How DNS lookups works
In our case nameserver 172.20.0.10 , which is a ClusterIP of kube-dns .
So a DNS lookup request from a pod is going to be sent to 172.20.0.10 and from there it reaches the DNS server . It is done by DNAT and the mechanism is also known as conntrack. The main responsibility of DNAT is to forward the request from kube-dns service chain to the requested DNS server.
conntrack is implemented as a kernel module and a core feature of kernel networking stack. DNS lookup timeouts is mostly due to races in conntrack and the issue is Kernel specific, not Kubernetes.
Problem and scaling CoreDNS
We used to get intermittently DNS failures. Initially we thought that it could be because of CoreDNS scalability issue. So, we increased the resources of CoreDNS and ran it as a DaemonSet in each Node. We recently migrated from GCP to AWS and it was very new to us. As time passed by, it became more frequent. Not only external DNS failures, but inter pod communication was breaking as well. CoreDNS was getting flooded with "timed out" errors and pods were not be able to communicate internally. It used to get resolved temporary if we restart the CoreDNS pods. We also setup a CronJob to restart the CoreDNS pods periodically.
We also made sure that we receive the alerts of CoreDNS error logs. Application logs are getting stored into Elasticsearch and we have slack web hook integration enabled. But, you can not monitor a system all the time and human errors are not avoidable. We also wanted to make sure that we fix it permanently. Then we came across a Github issue regarding conntrack race conditions. Finally, this is what we were looking for.
Upgrading the cluster
We are using EKS cluster and kernel version was below 5.1 . One option was to upgrade the Kubernetes cluster but we had to resolve it without interrupting the running services in Production. We decided to build a custom AMI with upgraded kernel and then create a NodeGroup to schedule the pods. Initially we made sure that at least CoreDNS pods were scheduled to the new NodeGroup.

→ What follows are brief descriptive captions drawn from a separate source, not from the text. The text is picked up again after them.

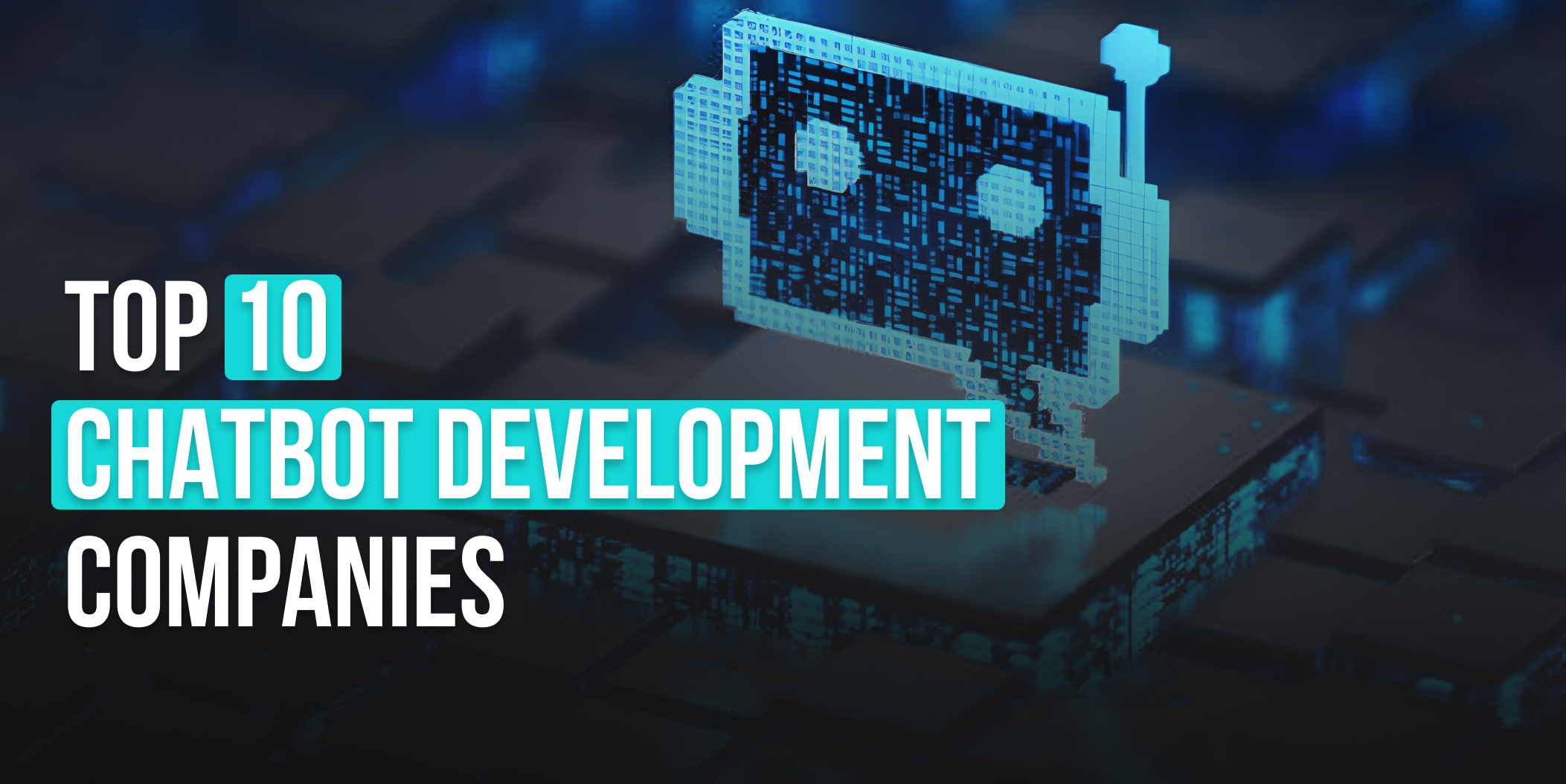Chatbot Development Companies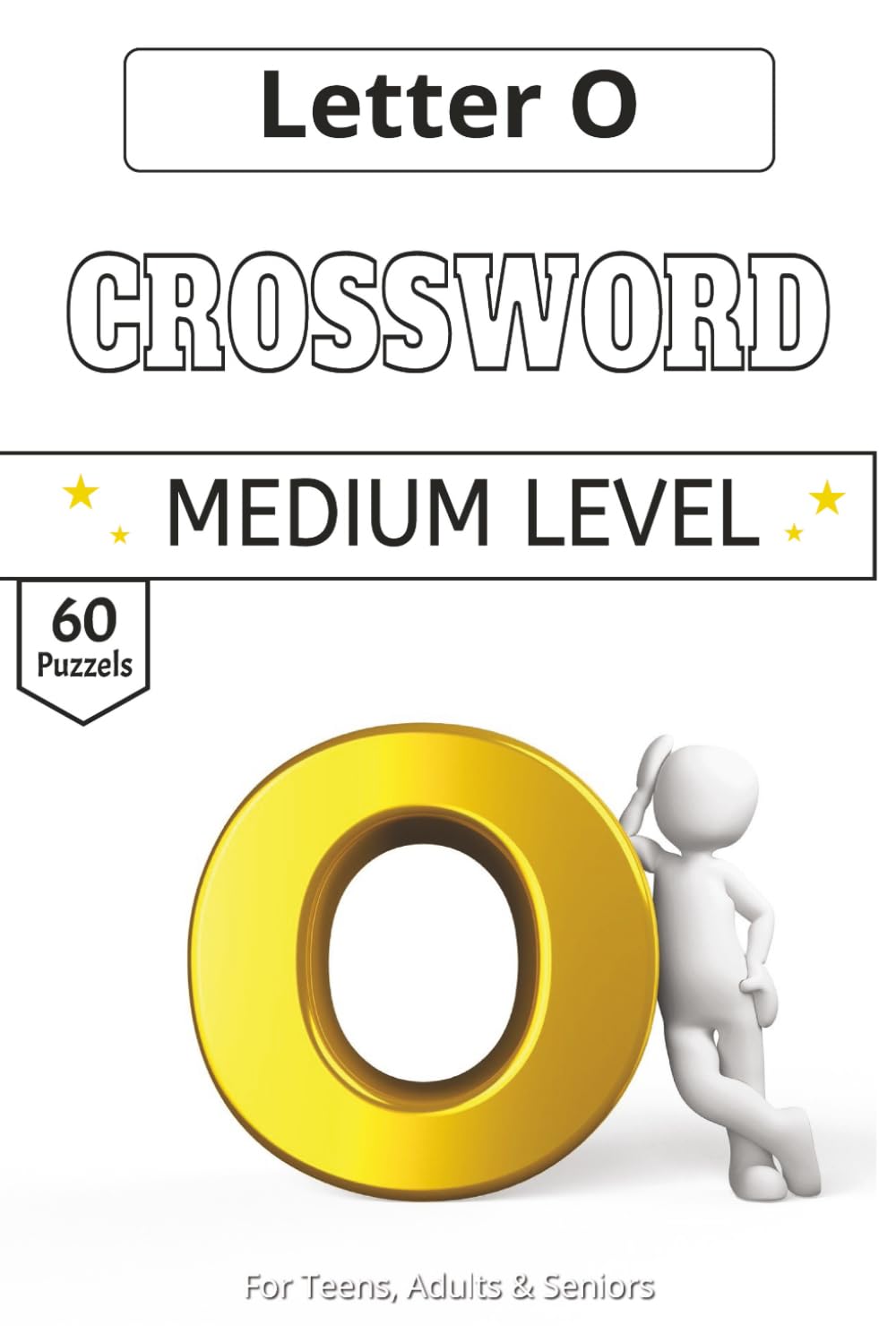 Letter O Crossword puzzle book: The Letter O Crossword: 60 Puzzles to Test Your "O" IQ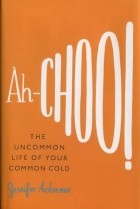 Дженнифер Акерман - Ah-Choo! The Uncommon Life of Your Common Cold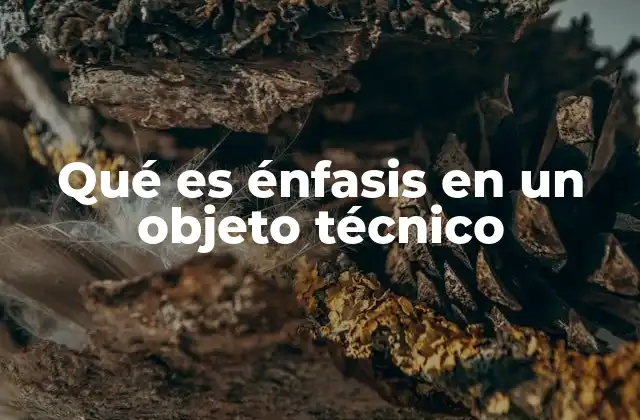 Qué es Énfasis en un Objeto Técnico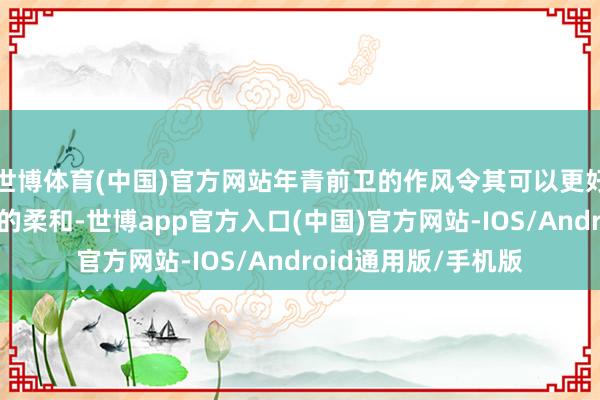 世博体育(中国)官方网站年青前卫的作风令其可以更好的蛊惑年青败坏者的柔和-世博app官方入口(中国)官方网站-IOS/Android通用版/手机版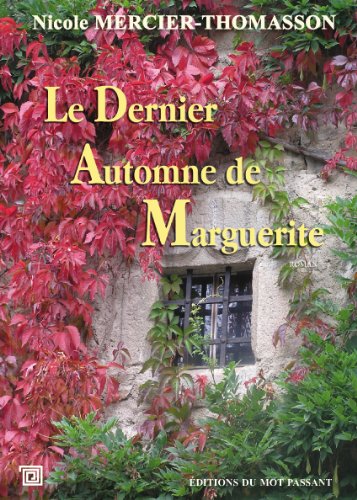 Beispielbild fr Le dernier automne de Marguerite zum Verkauf von Ammareal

Enabling NodeLocal DNS Cache
It resolved most of the timeouts. As an addition we also implemented NodeLocal DNSCache . It runs DNS Caching agents on nodes as a Daemonset and improves the Cluster DNS performance. Combination of both helped us to resolve 95% of timeouts issues. It works as a CoreDNS caching agent running on same node. It helps to avoid connection tracking and iptables DNAT rules.